Even with the passing of the Employment Rights Act which came into force this year, the law relating to the employer/employee relationship is still not contained in one place.
Section 22 of the act preserves both the common law right of an employer to summarily dismiss an employee for good and cogent reasons as well as the right of an employee to consider himself as constructively dismissed.
In Western Excavating (ECC) Ltd. v. Sharp  1 All ER 713 at 717 the court stated: “If the employer is guilty of conduct which is a significant breach going to the root of the contract of employment, or which shows that the employer no longer intends to be bound by one or more of the essential terms of the contract, then the employee is entitled to treat himself as discharged from any further performance. If he does so, then he terminates the contract by reason of the employer’s conduct. He is constructively dismissed.”
In determining whether or not an employee has been constructively dismissed the court must examine the conduct of the employer to determine as stated in Courts (Barbados) Limited v Mary Inniss, unreported “whether the employer is responsible for some conduct which objectively constitutes a fundamental change in the employment or a unilateral change of a significant nature, evincing an intention on the part of the employer not to continue the employment contract upon its previous terms”.
The court went on to identify certain classes of conduct which had been found to amount to constructive dismissal including “demotions, reductions in remuneration and benefits and changes in status, power and authority of the employee”.
The list is not exhaustive and in any case it is a matter of fact and degree whether the particular circumstances of each case meets the threshold of offending conduct such as to amount to termination of the employment contract.
The test is an objective one and not on how the individual employee has been affected, but whether any employee in similar circumstances could have considered that the employer meant to bring the contract to an end.
The court will have regard to the type of employment, the number of wrongful acts perpetrated by the employer, the intention of the employer as can be inferred from the words or actions and so on.

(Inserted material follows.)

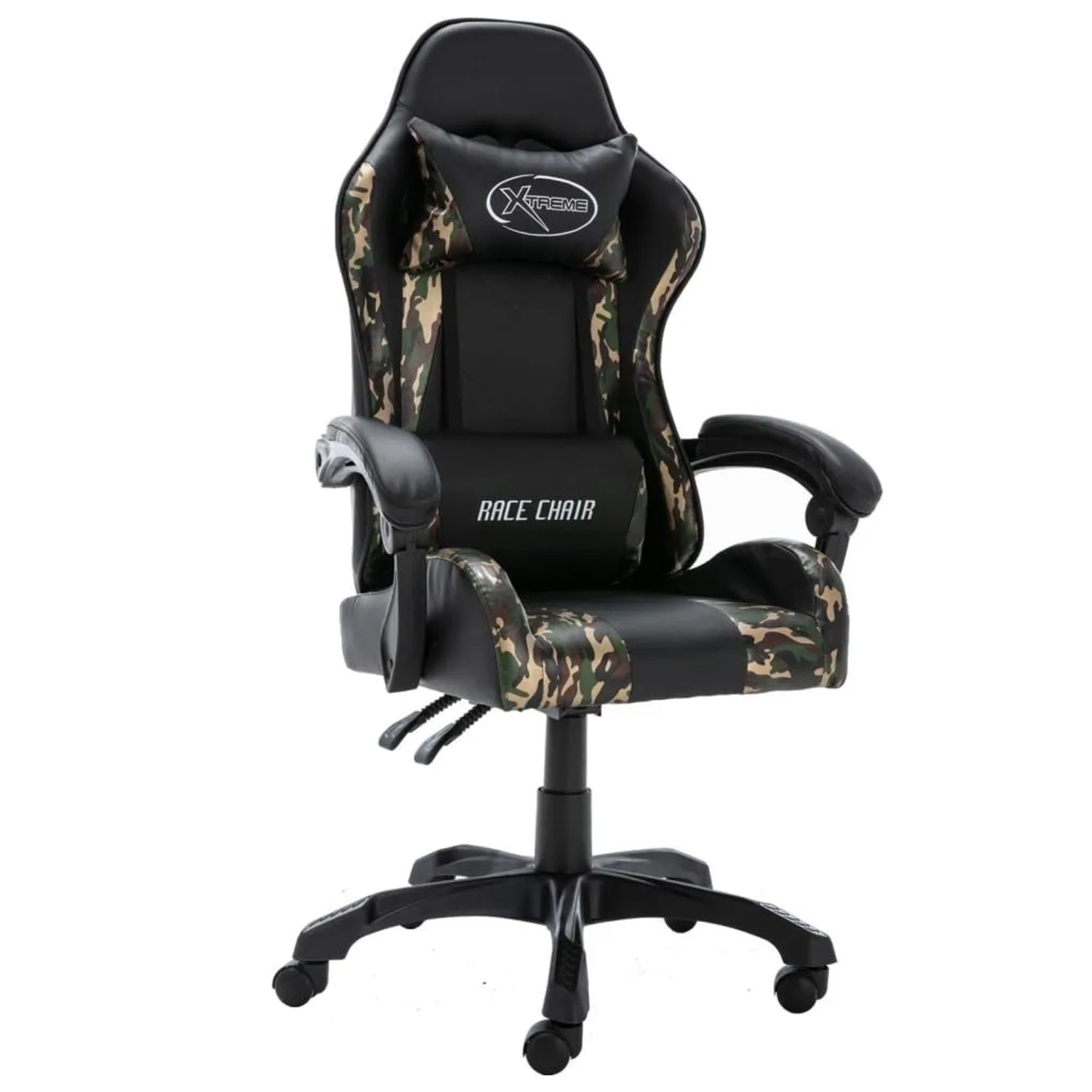 vidaXL Gaming-Stuhl Schwarz und Tarnmuster Kunstleder 320095 günstig online kaufen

In the Courts’ case (above) the Court of Appeal found that the respondent had in fact been constructively dismissed on the basis that “the position and responsibilities of the respondent as relief and training manager were significantly different from her former post as branch manager”. This finding was made even though her salary and other benefits remained the same.

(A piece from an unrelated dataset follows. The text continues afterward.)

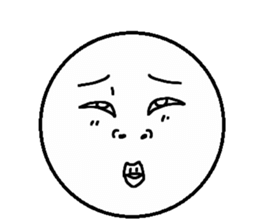 Funny face Pictorial book3 sticker #9236287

The decision of the appellant amounted to a unilateral change in the terms and conditions of the employment contract with the respondent and coupled with a lack of reassurance from her employer, the demotion in status and the uncertainty of her continued employment, she was therefore entitled to damages for wrongful dismissal.
Conversely in Tyrone Waithe v Caribbean Confection Co (1959) Ltd., unreported, after the sale of a company, the new owners required the appellant to punch a time clock, to possibly work on Christmas Eve and be paid wages on an hourly basis. He alleged that these requirements were fundamental changes to his employment contract but the Court of Appeal disagreed.
The Court stated: “Management is entitled to make changes in plant-level operations in order to maximise productivity and promote efficiencies. Management must be allowed the prerogative to reorganise processes of production in the interest of efficiency provided, of course, that such reorganisation does not strike fundamentally at the heart of the employment relationship.”
The new owners could not be “fettered in their decision to improve inefficiencies and reduce the opportunity for cheating the system”.